Landy knew from personal experience that Gray’s class would give Gilmore the tools she needed to submit a successful proposal.
“There are a lot of grant-writing classes that are like, ‘follow directions’— real basic stuff,” said Landy.
“But Dr. Gray gives you a hands-on exercise that gives you great feedback and puts you in a real-world experience. I think that’s one of the hallmarks of the MPA program: It’s practical. That program is focused on giving you stuff that you can use today.”
Reflecting on the grant win, Gilmore is proud she could merge two of her passions — writing and advocating for children — into one project.
“I’ve always been a writer, but I never thought it would truly make a difference in the world. I’m so thrilled to have my passion for words feed the good in our local community,” she said.
Serving as representatives for Helping Hands, Gilmore and Landy were invited to the Community Foundation’s recent press conference that announced the 2022 grant winners.The $14,850 the organization received will be used to support 19 participants in Level Up, the organization’s job-readiness program for Medicaid-eligible youths, which begins in January.
Level Up is a two-part program, where January through May, participants meet with facilitators to receive instruction on business etiquette, interview skills, resume writing, career exploration, college selection, financial aid for post-secondary education, problem solving in the workplace, and the impact of stress on physical and mental health.

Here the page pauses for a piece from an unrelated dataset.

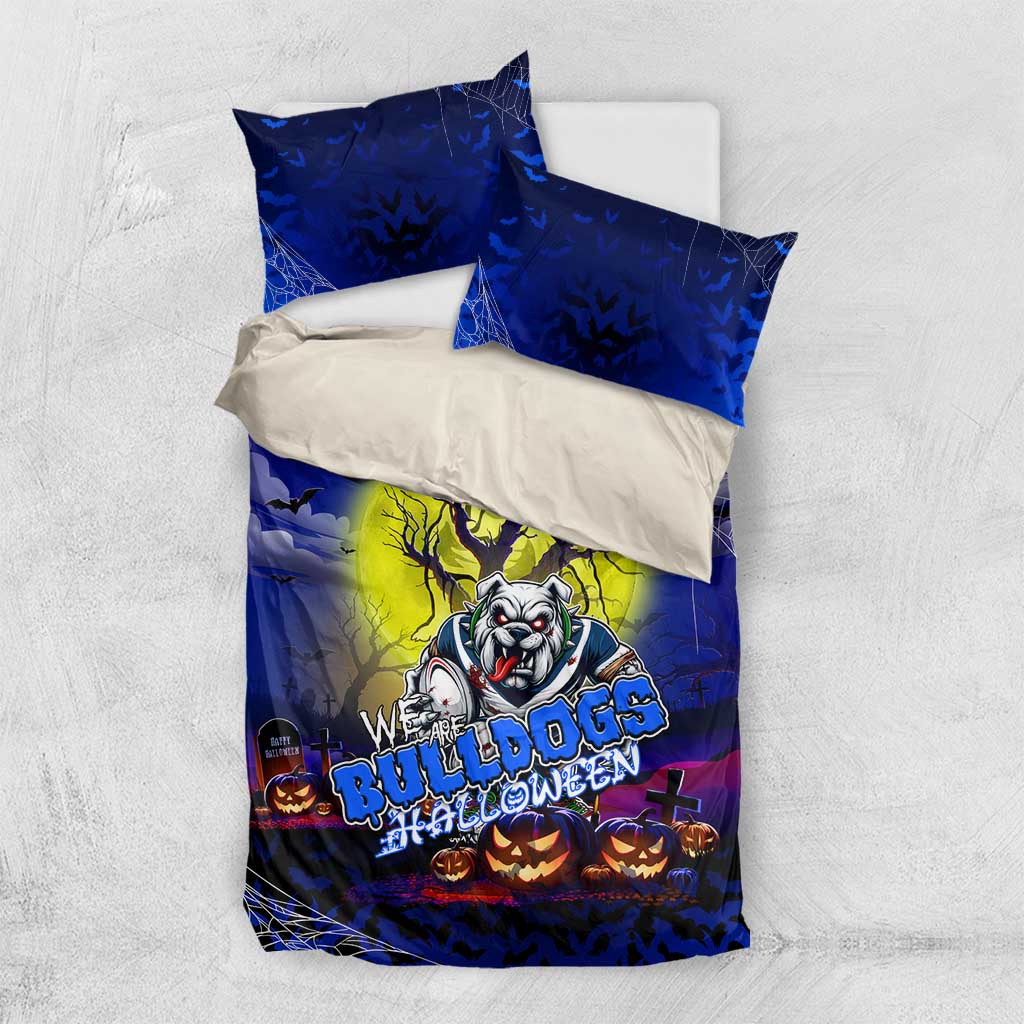 We Are Bulldogs Halloween Bedding Set Pumpkin Scary Spooky Season - Aussie Hoodie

In June, participants receive subsidized work experience at a local business, nonprofit or government office. Students receive a small stipend for their participation in the program, but it makes a significant impact, according to Landy.

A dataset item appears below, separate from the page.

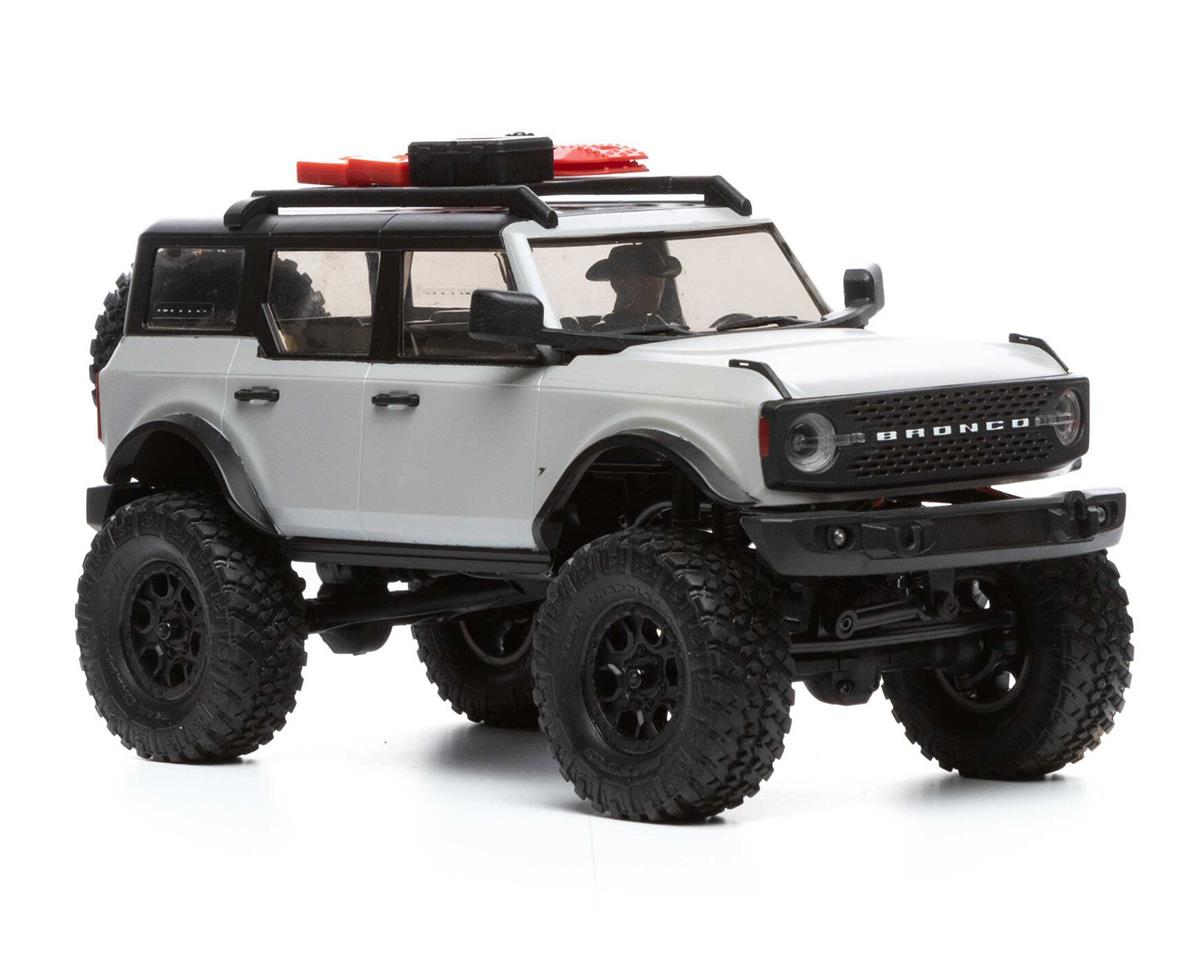 Axial SCX24 2021 Ford Bronco Hard Body 1/24 4WD RTR Scale Mini Crawler (Grey) w/2.4GHz Radio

“The economic impact of $150 a week in the house of a family whose annual income is $15,000 to $16,000 is tremendous. These young people are taking the burden of financing a lot of things off of their parents over the summer just by having this little part-time job,” Landy said.

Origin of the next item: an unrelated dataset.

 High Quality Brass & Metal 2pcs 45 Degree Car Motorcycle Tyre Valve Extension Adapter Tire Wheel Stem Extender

“If your parent is making minimum wage or 10 bucks an hour, that’s $20,000 a year. And you’re talking about this young person bringing in $1,500 over the course of a year in stipends and summer work experience. That’s pretty cool. And in the end, they wind up with something to put on a resume.”
Participants are more likely to get and keep an unsubsidized job after participating in the Level Up program, according to Helping Hands.
“Studies show that early work experience and training for youth can result in less unemployment later in life and can increase career advancement. Another study indicates that every 16-year-old that is unemployed costs taxpayers up to an additional $250,000 over their lifetime,” said Gilmore.
“Also, evidence provided by the U.S. Office of Adolescent Health shows that youth who are enrolled in school and participating in other learning programs in out-of-school times are less likely to become parents. Level Up works in tandem with our other research-based programs to help enrich and educate our working-age youth towards better employment readiness and opportunities.”
Gilmore is forever thankful to the MPA program for introducing her to Landy. The two met at the MPA program’s annual career panel event, which Landy is regularly invited to speak on as a successful alumna. Recognizing Gilmore’s interest in nonprofits, Dr. William Hatcher introduced the two and arranged a formal mentorship in early 2020.
To Gilmore, working with Helping Hands was a perfect fit. Growing up in New Ellenton, South Carolina, she was raised in a single-parent home on a single-parent income, and understands the impact of programs like Level Up.
Working with Landy and earning this grant funding has given her the courage to trust — and to volunteer — her talents.
“Everyone has a skill, even if they’re not using it professionally,” Gilmore said.
“Whether you’re in construction or you’re a writer or you’re an artist, use it for good in your local community. Because you have that skill, and our community needs it.”